Georgiana est une autre Beatrice Rappaccini, des femmes à qui l’on – ce « on » qui n’est autre que les représentants de la société patriarcale – refuse toute maîtrise sur leur propre corps et à qui on leur inculque de faire don de soi à l’être aimé au point d’« anéantir avec emportement » « tout ce qui est inutile à l’aimé228 ». Michel Foucault évoque la dialectique du pouvoir et du corps :

Le corps est aussi directement plongé dans un champ politique ; les rapports de pouvoir opèrent sur lui une prise immédiate ; ils l’investissent, le marquent, le dressent, le supplicient, l’astreignent à des travaux, l’obligent à des cérémonies, exigent de lui des signes. 229

Sa tache est perçue comme une preuve tangible de l'infériorité humaine qui se conjugue uniquement au féminin, ce qui, aux yeux de son époux, légitime, justifie sa soumission inconditionnelle. Dès lors, Aylmer se trouvera justifié dans sa volonté d’« astreindre » son épouse, non certes à des « travaux », mais à une constante pression psychologique que son enfermement dans le boudoir attenant au laboratoire symbolise tout en en renforçant la perversité.

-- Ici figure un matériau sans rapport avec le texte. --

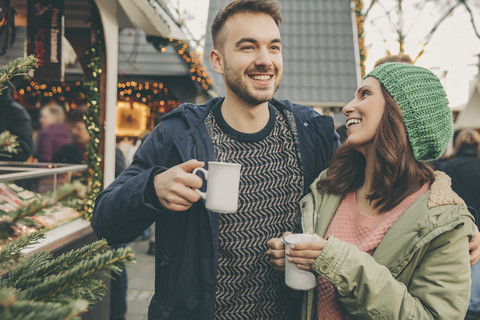 Couple having a hot punch on the Christmas Market stock photo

Ces « rapports de pouvoir », qui « opèrent une prise immédiate » sur le corps de Georgiana, semblent bien à l’origine du processus d’infantilisation qui va engendrer, de la part de la jeune femme, la perte totale d’un rapport sain et objectif vis-à-vis de son propre corps, et plus particulièrement, sa tache. Georgiana est ainsi victime du raisonnement misogyne de son époux, qui souhaite une femme parfaite qui conviendrait, littéralement, à son statut de scientifique éminemment renommé. Aylmer agit donc en égoïste phallocentrique, aveuglé par sa propre réussite scientifique. Il n'hésite pas à infantiliser son épouse, qui accepte, doit accepter sans se plaindre, les remontrances, reproches, et recommandations de l’autorité paternelle, et même paternaliste que représente Aylmer. Culpabilité ou culpabilisation : la frontière est très fine, et les deux sont des constructions masculines qui visent à humilier la femme. Ainsi, tout se passait comme si Georgiana, à l'instar de Beatrice et Annie, refusait de croire en ses propres capacités intellectuelles, comme si elle avait besoin du consentement de son mari, même au sujet de ses propres divergences de point de vue.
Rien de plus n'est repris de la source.